KEEP BACK 300 FEET from Stress!
In the fire service, we’re good at maintaining collapse zones, isolating and denying entry at haz-mat incidents, and establishing perimeters during brush fires, incidents involving wires down, and traffic accidents. Most of our rigs say “KEEP BACK 300 FEET” to warn bystanders of the dangers.
But what about creating a safe zone from stress? An old saying comes to mind, “Your mind is like a dangerous neighborhood – don’t go there!” I can’t count the number of times I have found myself wondering how I “got there.”
For firefighters, the ability to manage stress is critical, because we have plenty of stress from our jobs. When on duty, we must be constantly ready to go, and that hyper-vigilance is a form of stress. So it’s even more important that we control the other stressors in our lives and learn to relax when we can. But how?

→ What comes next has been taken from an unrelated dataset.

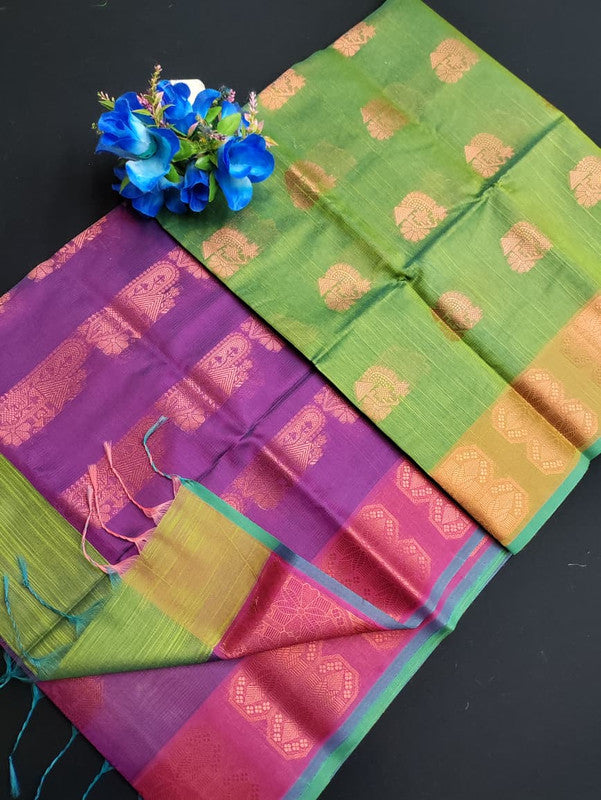 Slub Cotton Saree SLC173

We think about stress as coming from the outside – things people say or do or don’t do, appliances that break at inopportune times, or friends or family who worry us with their actions or disappoint us when they fail to live up to the standards we set. However, in fact, our stress doesn’t come from the outside, but rather from the inside.
Many of you may have had an opportunity to attend a presentation by risk management expert and Lexipol co-founder Gordon Graham. Gordon talks a lot about “proximate causes” and “root causes” of tragedies in public safety. The proximate causes are those things that happen right before the tragedy, so we often focus on them. But Gordon urges us to dig deeper, to find the root causes that are the real contributor to something going wrong. For instance, we might be tempted to blame an apparatus backing accident on the failure to use a spotter. But that’s a proximate cause – the root cause might be the department’s failure to establish a backing policy and procedure. Or it could be failure to train the apparatus operators properly on the policy. Or it might be that the apparatus operator was extremely fatigued and as a result made a poor decision to operate without a backer. There can be multiple root causes just as there can be multiple proximate causes.
So, what does all this have to do with stress? Think of the outside triggers as proximate causes. You might think you’re stressed out because the traffic is terrible and you’ll be late. But maybe it’s because you argued with your teenage son before you left. Or because you’ve put off repairing the car and every additional minute you spend in it is a reminder. There’s not always some big secret trigger for stress, but often the little things that get to us have deeper roots. Understanding that is key to learning to manage stress.
With the idea of proximate stressors and root cause stressors as a foundation, let’s look at a few other tips for dialing it back:
Put your mind on a healthy diet! Our minds are no different than our bodies – if we feed them garbage, we will get garbage in return. Are you allowing yourself to binge on depressing news, violent video games, or mean-spirited reality TV shows? When you sit around the fire house kitchen table with your fellow firefighters, do gossip and complaints dominate? There’s nothing wrong with indulging in entertainment from time to time, but strive for balance. Read an inspirational memoir, watch a documentary, or go for a walk in a park and listen – really listen – to all the natural life around you. You’ve been given the freedom to choose what you think about – now exercise that right!
Know your triggers and set limits. We all have things that set us over the edge – it may be when our spouse forgets to do the laundry, or when we arrive at work to find the apparatus tool compartments in disarray. Try to be aware of these triggers and anticipate when they may happen. Then, when the negative thoughts start churning, you can say “no” firmly and calmly. At the same time, know your limits and stick to them. Whether in your personal or professional life, taking on more than you can handle is a surefire recipe for stress.
Be open to changing and asking others to change. Certain people in your life may be triggers for stress. Guess what? That means YOU might be triggering someone else’s stress! Rather than resorting to broad statements such as, “He’s so annoying,” try to identify specific behaviors that cause you concern. Communicate your concerns in an open and respectful way. Be open-minded and compromise. When you ask someone to change their behavior, be willing to change yours.
What you think affects the way you feel; the way you feel affects the way you act. Keep your mind on the right things. And keep back from stress!